Un passante: «Salvo per miracolo». La struttura del cantiere travolge le auto in sosta. Avviate indagini della polizia
SULMONA. Una forte folata di vento e la struttura di tubi innocenti realizzata per il restauro di un’abitazione vola via come un fuscello, finendo sulle auto parcheggiate nella strada sottostante. Tragedia sfiorata ieri pomeriggio in via Monte Grappa, nella zona sud di Sulmona, nei pressi della caserma Cesare Battisti. Alcuni operai erano intenti a smontare un’impalcatura, che era stata utilizzata per ristrutturare la facciata di una casa, quando la struttura ha ceduto a causa del forte vento.

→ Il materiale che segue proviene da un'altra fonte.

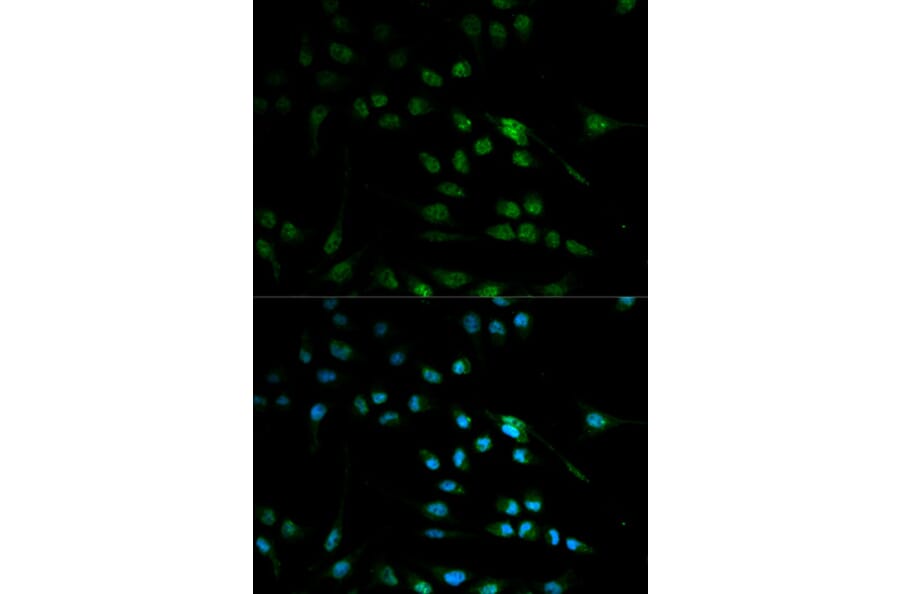Immunofluorescence - IFNB1 Antibody from Signalway Antibody (32320) - Antibodies.com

Fortunatamente, in quel momento sulla strada adiacente l’abitazione non passava nessuno, altrimenti sarebbe stata una sciagura. Solo un passante poteva rimanere coinvolto essendo transitato sul posto solo alcuni secondi prima del crollo. Buona parte dell’impalcatura in ferro composta da tubi innocenti, giunti, pianali in alluminio e teloni è finita sulla strada travolgendo le auto che erano state lasciate in sosta negli spazi laterali di via Monte Grappa. In quel momento, proprio a causa della pioggia e del vento, gli operai stavano lavorando all’interno e non sono rimasti coinvolti nell’incidente di cantiere. Altrimenti per loro non ci sarebbe stato scampo. Nel crollo, l’impalcatura ha travolto anche un palo dell’illuminazione pubblica finito a terra, insieme a tutti i tubi innocenti, che sorreggevano la struttura. Sul posto una volante della polizia che ha subito chiuso la strada impedendo che si formassero code e ingorghi di auto. Sono stati allertati anche i vigili del fuoco per verificare eventuali altri cedimenti e situazioni di pericolo ma soprattutto per accertare le cause che hanno portato al clamoroso crollo della struttura in ferro che di solito viene montata proprio per garantire sicurezza sia ai lavoratori che alle persone che si trovano a transitare nel luogo del cantiere. In poco tempo sono stati gli stessi operai a ripristinare condizioni di sicurezza liberando la strada dai tubi innocenti, dai teloni e dai pianali in ferro. Ancora impaurito il passante che si è salvato solo perché è passato sul luogo del crollo dell’impalcatura solo alcuni secondi prima: «Sono salvo per miracolo, una parte dell’impalcatura mi ha sfiorato proprio mentre stavo passando, un metro più indietro e la struttura mi sarebbe caduta sulla testa».
Sulla vicenda la polizia ha aperto un’indagine per risalire ad eventuali responsabilità. Sul posto è intervenuta anche la polizia locale, per i rilievi del caso e per accertare se il cantiere era in possesso di tutte le autorizzazioni.